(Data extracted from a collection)
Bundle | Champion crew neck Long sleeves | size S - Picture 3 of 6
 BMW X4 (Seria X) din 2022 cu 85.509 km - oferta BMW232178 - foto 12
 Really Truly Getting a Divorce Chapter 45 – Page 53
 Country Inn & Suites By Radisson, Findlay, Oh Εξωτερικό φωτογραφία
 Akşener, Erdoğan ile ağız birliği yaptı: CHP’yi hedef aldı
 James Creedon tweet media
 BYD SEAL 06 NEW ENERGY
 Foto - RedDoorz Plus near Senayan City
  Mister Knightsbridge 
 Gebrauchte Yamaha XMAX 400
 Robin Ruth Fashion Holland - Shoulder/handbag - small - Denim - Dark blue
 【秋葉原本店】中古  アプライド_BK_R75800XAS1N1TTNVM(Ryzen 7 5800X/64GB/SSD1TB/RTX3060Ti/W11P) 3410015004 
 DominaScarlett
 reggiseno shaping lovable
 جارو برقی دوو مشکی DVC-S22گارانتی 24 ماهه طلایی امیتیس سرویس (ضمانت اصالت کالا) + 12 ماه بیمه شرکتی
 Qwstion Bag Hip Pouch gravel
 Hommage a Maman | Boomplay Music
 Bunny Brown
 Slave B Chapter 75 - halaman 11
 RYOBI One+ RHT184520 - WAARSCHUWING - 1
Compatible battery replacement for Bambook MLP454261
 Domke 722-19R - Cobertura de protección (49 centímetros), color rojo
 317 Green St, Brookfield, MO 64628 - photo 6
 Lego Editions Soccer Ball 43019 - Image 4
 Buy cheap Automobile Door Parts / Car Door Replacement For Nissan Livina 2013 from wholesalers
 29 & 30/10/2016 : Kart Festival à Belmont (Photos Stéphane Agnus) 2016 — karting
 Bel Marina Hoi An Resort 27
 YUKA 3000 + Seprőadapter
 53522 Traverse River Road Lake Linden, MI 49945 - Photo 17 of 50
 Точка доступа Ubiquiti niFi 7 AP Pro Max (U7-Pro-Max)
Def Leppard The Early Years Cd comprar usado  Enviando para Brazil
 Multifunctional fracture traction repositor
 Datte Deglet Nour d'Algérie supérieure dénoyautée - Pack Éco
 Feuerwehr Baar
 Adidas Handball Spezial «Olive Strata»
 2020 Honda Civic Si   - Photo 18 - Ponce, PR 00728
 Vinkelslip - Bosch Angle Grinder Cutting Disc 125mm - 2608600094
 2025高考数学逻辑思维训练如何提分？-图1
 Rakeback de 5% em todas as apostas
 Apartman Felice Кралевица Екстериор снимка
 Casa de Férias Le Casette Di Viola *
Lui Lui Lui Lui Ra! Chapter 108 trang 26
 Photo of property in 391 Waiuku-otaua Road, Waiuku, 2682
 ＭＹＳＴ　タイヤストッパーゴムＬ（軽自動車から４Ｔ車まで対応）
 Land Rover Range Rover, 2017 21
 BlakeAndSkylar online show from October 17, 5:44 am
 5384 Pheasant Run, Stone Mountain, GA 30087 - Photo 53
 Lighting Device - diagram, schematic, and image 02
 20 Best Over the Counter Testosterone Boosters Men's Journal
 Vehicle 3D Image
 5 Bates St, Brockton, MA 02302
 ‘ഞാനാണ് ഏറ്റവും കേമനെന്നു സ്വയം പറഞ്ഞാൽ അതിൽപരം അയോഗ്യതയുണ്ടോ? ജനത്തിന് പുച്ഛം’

◆ **Requirement**
Every entry is to be printed exactly as given.

◆ **Answer box**
Bundle | Champion crew neck Long sleeves | size S - Picture 3 of 6
 BMW X4 (Seria X) din 2022 cu 85.509 km - oferta BMW232178 - foto 12
 Really Truly Getting a Divorce Chapter 45 – Page 53
 Country Inn & Suites By Radisson, Findlay, Oh Εξωτερικό φωτογραφία
 Akşener, Erdoğan ile ağız birliği yaptı: CHP’yi hedef aldı
 James Creedon tweet media
 BYD SEAL 06 NEW ENERGY
 Foto - RedDoorz Plus near Senayan City
  Mister Knightsbridge 
 Gebrauchte Yamaha XMAX 400
 Robin Ruth Fashion Holland - Shoulder/handbag - small - Denim - Dark blue
 【秋葉原本店】中古  アプライド_BK_R75800XAS1N1TTNVM(Ryzen 7 5800X/64GB/SSD1TB/RTX3060Ti/W11P) 3410015004 
 DominaScarlett
 reggiseno shaping lovable
 جارو برقی دوو مشکی DVC-S22گارانتی 24 ماهه طلایی امیتیس سرویس (ضمانت اصالت کالا) + 12 ماه بیمه شرکتی
 Qwstion Bag Hip Pouch gravel
 Hommage a Maman | Boomplay Music
 Bunny Brown
 Slave B Chapter 75 - halaman 11
 RYOBI One+ RHT184520 - WAARSCHUWING - 1
Compatible battery replacement for Bambook MLP454261
 Domke 722-19R - Cobertura de protección (49 centímetros), color rojo
 317 Green St, Brookfield, MO 64628 - photo 6
 Lego Editions Soccer Ball 43019 - Image 4
 Buy cheap Automobile Door Parts / Car Door Replacement For Nissan Livina 2013 from wholesalers
 29 & 30/10/2016 : Kart Festival à Belmont (Photos Stéphane Agnus) 2016 — karting
 Bel Marina Hoi An Resort 27
 YUKA 3000 + Seprőadapter
 53522 Traverse River Road Lake Linden, MI 49945 - Photo 17 of 50
 Точка доступа Ubiquiti niFi 7 AP Pro Max (U7-Pro-Max)
Def Leppard The Early Years Cd comprar usado  Enviando para Brazil
 Multifunctional fracture traction repositor
 Datte Deglet Nour d'Algérie supérieure dénoyautée - Pack Éco
 Feuerwehr Baar
 Adidas Handball Spezial «Olive Strata»
 2020 Honda Civic Si   - Photo 18 - Ponce, PR 00728
 Vinkelslip - Bosch Angle Grinder Cutting Disc 125mm - 2608600094
 2025高考数学逻辑思维训练如何提分？-图1
 Rakeback de 5% em todas as apostas
 Apartman Felice Кралевица Екстериор снимка
 Casa de Férias Le Casette Di Viola *
Lui Lui Lui Lui Ra! Chapter 108 trang 26
 Photo of property in 391 Waiuku-otaua Road, Waiuku, 2682
 ＭＹＳＴ　タイヤストッパーゴムＬ（軽自動車から４Ｔ車まで対応）
 Land Rover Range Rover, 2017 21
 BlakeAndSkylar online show from October 17, 5:44 am
 5384 Pheasant Run, Stone Mountain, GA 30087 - Photo 53
 Lighting Device - diagram, schematic, and image 02
 20 Best Over the Counter Testosterone Boosters Men's Journal
 Vehicle 3D Image
 5 Bates St, Brockton, MA 02302
 ‘ഞാനാണ് ഏറ്റവും കേമനെന്നു സ്വയം പറഞ്ഞാൽ അതിൽപരം അയോഗ്യതയുണ്ടോ? ജനത്തിന് പുച്ഛം’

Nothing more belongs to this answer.